Die Staatsanwaltschaft hat Anklage gegen den 39 Jahre alten Nebojsa S. wegen zweifachen Mordes, gefährlicher Körperverletzung und unerlaubten Kraftfahrzeugrennens erhoben. Denn zumindest aus juristischer Sicht kann man auch alleine ein Autorennen bestreiten, und alleine war S., als er am Nachmittag des 21. November 2021 mit einem „Firmenwagen“, einem 625 PS starken BMW X6, im Ostend unterwegs war – und eigenhändig das Sicherheitssystem abschaltete, das verhindern soll, dass der Wagen bei unsachgemäßer Beschleunigung ausbricht. Nun war es aber ebendiese Beschleunigung, die S. im Sinn hatte – um mit ihr, so die Sprecherin der Staatsanwaltschaft, Nadja Niesen, „anderen Verkehrsteilnehmern zu imponieren“.
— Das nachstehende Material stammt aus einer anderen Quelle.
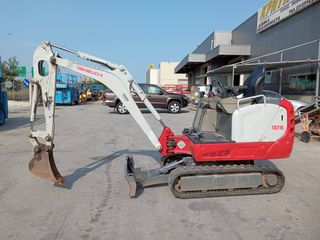 Εκσκαφέας Με Ερπύστριες Takeuchi 2014 TB 216-thumb-1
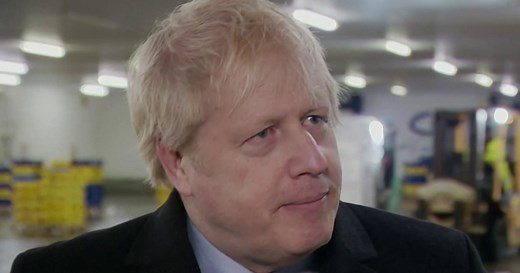 UK election: Boris Johnson set to win clear majority, exit polls show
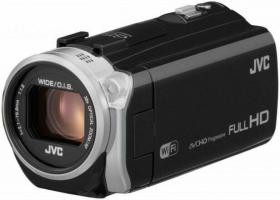 JVC HD Everio GZ-EX515BEK İnceleme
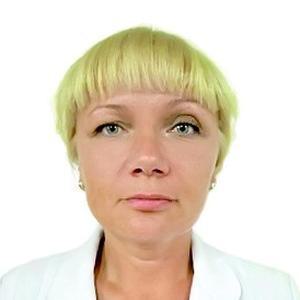 Халирбагинова Светлана Вениаминовна
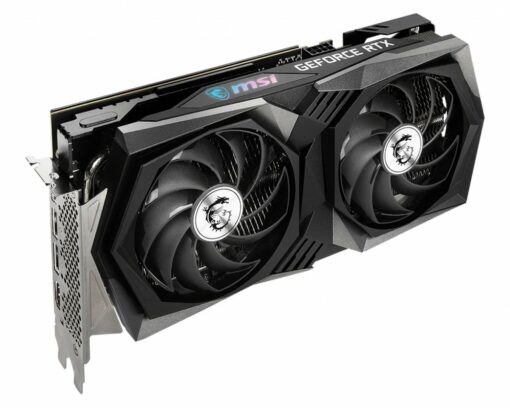 Card màn hình MSI RTX 3050 GAMING X 8G - Ảnh 3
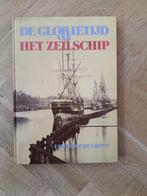 De glorietijd van het zeilschip E de Groot hardcover boek, Ophalen of Verzenden, Zo goed als nieuw, Zeilboot, Boek of Tijdschrift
Nachdem S. an mehreren Ampeln der Sonnemannstraße einen sogenannten „Drift“ hingelegt hatte, verlor er bei einem solchen Manöver in der Oskar-von-Miller-Straße die Kontrolle über den Wagen. Mit mehr als 80 Kilometern pro Stunde geriet das Auto auf den Bürgersteig, riss einen Betonpfeiler mit einem Durchmesser von einem Meter um, raste in einen auf dem Radweg fahrenden 27 Jahre alten Lieferando-Fahrer und quetschte am Ende eine 31 Jahre alte Studentin und ihren 61 Jahre alten Vater, die gerade ein Auto entluden, gegen eine Hauswand. Der Fahrradkurier und der 61-Jährige starben, die Studentin erlitt schwerste Verletzungen, an denen sie heute noch laboriert.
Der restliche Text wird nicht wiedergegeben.